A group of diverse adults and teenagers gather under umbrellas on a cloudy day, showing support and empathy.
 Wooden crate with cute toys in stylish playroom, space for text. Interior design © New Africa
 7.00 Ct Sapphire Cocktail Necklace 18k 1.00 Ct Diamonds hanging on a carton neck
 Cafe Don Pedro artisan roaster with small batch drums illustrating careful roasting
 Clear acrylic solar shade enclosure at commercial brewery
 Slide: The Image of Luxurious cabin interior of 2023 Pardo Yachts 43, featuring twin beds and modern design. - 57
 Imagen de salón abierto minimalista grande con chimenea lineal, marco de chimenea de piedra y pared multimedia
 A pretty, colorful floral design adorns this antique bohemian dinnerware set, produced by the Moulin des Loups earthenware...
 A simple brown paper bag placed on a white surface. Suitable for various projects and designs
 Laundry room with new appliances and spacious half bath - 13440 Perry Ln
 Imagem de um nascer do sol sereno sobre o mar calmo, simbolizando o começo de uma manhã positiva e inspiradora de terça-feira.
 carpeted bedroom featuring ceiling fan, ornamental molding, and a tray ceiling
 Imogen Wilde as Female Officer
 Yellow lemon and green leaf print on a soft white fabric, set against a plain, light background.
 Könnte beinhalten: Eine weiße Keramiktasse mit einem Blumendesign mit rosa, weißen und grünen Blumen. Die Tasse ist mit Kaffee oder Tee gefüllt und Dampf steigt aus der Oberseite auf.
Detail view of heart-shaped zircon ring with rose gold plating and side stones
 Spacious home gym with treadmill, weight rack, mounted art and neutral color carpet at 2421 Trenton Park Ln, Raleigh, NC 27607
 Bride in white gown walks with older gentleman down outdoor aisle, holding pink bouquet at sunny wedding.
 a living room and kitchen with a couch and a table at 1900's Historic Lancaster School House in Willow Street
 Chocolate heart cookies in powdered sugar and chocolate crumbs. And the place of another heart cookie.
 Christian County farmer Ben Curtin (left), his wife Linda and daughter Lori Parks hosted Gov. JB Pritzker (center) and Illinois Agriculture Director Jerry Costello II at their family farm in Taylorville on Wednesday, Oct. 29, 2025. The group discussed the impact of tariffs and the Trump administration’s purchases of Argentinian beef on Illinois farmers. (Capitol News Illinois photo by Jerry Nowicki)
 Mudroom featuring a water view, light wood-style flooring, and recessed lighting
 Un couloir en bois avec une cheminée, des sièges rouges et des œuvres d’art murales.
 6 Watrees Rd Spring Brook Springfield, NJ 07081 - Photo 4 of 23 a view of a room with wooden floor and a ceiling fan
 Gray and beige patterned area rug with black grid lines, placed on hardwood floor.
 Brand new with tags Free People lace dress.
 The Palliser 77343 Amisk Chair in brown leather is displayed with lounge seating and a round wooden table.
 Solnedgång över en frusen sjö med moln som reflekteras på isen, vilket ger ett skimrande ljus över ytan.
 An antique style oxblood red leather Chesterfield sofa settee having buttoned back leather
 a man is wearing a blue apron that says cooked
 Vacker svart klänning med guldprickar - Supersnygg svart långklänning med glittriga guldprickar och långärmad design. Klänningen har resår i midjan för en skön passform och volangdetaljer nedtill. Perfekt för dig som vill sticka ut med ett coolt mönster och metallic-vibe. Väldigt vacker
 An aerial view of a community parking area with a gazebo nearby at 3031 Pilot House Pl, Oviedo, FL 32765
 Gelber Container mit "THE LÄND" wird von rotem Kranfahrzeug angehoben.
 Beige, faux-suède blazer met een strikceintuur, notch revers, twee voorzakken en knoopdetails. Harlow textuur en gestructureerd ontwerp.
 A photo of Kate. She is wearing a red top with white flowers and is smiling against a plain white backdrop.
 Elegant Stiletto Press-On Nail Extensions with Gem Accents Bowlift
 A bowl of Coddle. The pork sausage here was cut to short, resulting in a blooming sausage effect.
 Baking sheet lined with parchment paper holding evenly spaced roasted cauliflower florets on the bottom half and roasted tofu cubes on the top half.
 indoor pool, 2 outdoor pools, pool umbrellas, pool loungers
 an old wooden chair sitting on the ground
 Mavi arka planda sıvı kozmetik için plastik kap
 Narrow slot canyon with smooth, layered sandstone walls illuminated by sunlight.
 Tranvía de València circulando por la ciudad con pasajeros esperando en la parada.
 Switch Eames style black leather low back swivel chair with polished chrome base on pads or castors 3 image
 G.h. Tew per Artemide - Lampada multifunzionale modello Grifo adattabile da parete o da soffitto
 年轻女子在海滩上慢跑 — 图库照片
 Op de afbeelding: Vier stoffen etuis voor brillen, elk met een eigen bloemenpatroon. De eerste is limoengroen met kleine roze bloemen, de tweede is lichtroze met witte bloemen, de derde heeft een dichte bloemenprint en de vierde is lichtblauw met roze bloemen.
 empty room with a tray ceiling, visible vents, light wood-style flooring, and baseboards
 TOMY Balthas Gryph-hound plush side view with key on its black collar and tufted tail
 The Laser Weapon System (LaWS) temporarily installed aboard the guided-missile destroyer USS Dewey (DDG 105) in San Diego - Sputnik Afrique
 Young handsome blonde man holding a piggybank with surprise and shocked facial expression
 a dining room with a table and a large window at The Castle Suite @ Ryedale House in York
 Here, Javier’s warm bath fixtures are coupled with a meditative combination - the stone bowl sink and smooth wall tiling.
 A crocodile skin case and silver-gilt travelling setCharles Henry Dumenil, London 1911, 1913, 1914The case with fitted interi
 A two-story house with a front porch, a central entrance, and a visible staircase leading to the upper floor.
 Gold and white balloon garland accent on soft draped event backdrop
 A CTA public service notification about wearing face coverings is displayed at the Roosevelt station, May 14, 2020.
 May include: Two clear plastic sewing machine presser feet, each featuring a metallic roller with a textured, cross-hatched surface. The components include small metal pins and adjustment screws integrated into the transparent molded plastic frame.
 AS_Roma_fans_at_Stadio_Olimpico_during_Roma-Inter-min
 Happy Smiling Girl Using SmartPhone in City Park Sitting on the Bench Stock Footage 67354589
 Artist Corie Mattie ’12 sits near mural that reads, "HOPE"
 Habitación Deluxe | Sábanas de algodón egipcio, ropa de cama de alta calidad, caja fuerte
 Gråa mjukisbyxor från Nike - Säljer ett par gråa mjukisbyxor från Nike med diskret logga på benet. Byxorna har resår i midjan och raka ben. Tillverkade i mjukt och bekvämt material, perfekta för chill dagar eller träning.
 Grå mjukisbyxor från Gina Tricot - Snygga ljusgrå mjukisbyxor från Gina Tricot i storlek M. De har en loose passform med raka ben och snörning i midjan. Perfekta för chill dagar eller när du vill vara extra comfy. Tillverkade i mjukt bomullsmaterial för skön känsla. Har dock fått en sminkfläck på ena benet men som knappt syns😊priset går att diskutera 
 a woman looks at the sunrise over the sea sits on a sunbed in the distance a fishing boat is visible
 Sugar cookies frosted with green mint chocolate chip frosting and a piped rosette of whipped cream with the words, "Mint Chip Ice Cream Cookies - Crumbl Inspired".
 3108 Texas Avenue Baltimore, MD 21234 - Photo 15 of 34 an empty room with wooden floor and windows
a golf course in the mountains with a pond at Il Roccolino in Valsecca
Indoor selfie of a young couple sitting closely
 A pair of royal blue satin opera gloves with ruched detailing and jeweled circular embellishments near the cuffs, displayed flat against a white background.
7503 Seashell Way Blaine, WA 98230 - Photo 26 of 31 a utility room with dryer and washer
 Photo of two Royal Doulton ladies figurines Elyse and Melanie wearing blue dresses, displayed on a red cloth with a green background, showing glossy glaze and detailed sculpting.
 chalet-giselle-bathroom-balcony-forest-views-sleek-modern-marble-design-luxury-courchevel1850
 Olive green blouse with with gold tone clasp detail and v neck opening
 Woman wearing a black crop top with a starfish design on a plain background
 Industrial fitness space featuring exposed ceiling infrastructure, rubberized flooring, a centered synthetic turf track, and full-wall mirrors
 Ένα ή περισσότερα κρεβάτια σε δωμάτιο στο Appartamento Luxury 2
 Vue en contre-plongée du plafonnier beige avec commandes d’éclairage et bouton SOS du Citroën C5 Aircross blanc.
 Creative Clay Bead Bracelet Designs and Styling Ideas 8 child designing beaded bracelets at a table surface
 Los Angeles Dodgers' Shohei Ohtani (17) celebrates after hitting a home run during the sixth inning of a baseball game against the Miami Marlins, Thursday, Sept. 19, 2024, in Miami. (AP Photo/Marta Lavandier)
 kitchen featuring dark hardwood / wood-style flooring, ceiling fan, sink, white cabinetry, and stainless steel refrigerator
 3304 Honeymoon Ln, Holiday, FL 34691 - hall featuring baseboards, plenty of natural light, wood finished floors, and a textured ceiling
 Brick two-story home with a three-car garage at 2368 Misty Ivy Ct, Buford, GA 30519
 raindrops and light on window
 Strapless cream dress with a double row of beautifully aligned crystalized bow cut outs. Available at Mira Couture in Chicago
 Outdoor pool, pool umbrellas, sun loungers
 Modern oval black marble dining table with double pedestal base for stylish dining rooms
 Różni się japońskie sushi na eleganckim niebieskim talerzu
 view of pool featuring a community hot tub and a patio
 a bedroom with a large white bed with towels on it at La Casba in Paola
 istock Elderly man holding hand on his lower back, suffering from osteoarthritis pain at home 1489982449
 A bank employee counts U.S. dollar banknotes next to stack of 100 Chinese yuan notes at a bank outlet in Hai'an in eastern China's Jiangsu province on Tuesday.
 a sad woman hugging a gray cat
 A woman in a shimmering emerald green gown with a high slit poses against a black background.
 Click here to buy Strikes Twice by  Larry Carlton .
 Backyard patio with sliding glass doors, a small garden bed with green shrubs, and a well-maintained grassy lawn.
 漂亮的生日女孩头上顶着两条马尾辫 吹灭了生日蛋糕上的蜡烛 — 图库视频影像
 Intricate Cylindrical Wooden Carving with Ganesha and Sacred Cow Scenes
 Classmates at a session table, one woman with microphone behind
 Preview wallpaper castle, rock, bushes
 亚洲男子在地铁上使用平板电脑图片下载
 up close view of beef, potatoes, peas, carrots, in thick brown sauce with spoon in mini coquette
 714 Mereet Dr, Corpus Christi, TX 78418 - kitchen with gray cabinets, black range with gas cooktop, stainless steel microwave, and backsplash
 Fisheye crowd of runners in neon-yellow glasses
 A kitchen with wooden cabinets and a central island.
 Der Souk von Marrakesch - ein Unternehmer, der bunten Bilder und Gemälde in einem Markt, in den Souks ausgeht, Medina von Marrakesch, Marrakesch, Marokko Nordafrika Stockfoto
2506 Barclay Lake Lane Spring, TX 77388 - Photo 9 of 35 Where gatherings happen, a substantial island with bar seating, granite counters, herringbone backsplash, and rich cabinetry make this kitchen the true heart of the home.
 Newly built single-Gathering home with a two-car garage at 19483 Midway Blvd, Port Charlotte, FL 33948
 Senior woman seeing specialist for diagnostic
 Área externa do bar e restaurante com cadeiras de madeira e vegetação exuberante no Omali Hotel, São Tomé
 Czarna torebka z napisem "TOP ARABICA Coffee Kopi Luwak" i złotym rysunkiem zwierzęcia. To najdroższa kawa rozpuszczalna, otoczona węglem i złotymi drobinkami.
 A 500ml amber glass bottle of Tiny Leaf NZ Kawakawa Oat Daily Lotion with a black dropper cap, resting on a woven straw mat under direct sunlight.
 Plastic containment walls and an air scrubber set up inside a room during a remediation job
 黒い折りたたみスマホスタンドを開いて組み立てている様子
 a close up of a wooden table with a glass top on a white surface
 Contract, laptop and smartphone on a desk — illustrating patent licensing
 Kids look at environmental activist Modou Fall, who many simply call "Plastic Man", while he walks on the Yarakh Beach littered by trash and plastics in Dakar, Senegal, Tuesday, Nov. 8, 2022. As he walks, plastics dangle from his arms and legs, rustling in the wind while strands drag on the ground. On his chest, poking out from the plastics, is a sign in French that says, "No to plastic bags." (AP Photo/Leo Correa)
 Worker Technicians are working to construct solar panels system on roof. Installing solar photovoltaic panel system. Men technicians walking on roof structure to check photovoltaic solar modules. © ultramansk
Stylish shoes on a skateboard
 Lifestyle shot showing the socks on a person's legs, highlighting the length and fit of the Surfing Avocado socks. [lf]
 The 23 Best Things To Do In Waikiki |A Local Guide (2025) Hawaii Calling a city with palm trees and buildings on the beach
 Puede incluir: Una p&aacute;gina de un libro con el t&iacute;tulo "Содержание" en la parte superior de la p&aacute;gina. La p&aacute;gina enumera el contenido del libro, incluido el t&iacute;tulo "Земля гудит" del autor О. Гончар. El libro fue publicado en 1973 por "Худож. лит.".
= = = =
__TASK ITEM__. Transcribe the records above exactly, beginning at the line that contains "Young handsome blonde" and ending with the line that contains "A CTA public", both included, and nothing else.

__SOLUTION TO THIS EXERCISE__.
 Young handsome blonde man holding a piggybank with surprise and shocked facial expression
 a dining room with a table and a large window at The Castle Suite @ Ryedale House in York
 Here, Javier’s warm bath fixtures are coupled with a meditative combination - the stone bowl sink and smooth wall tiling.
 A crocodile skin case and silver-gilt travelling setCharles Henry Dumenil, London 1911, 1913, 1914The case with fitted interi
 A two-story house with a front porch, a central entrance, and a visible staircase leading to the upper floor.
 Gold and white balloon garland accent on soft draped event backdrop
 A CTA public service notification about wearing face coverings is displayed at the Roosevelt station, May 14, 2020.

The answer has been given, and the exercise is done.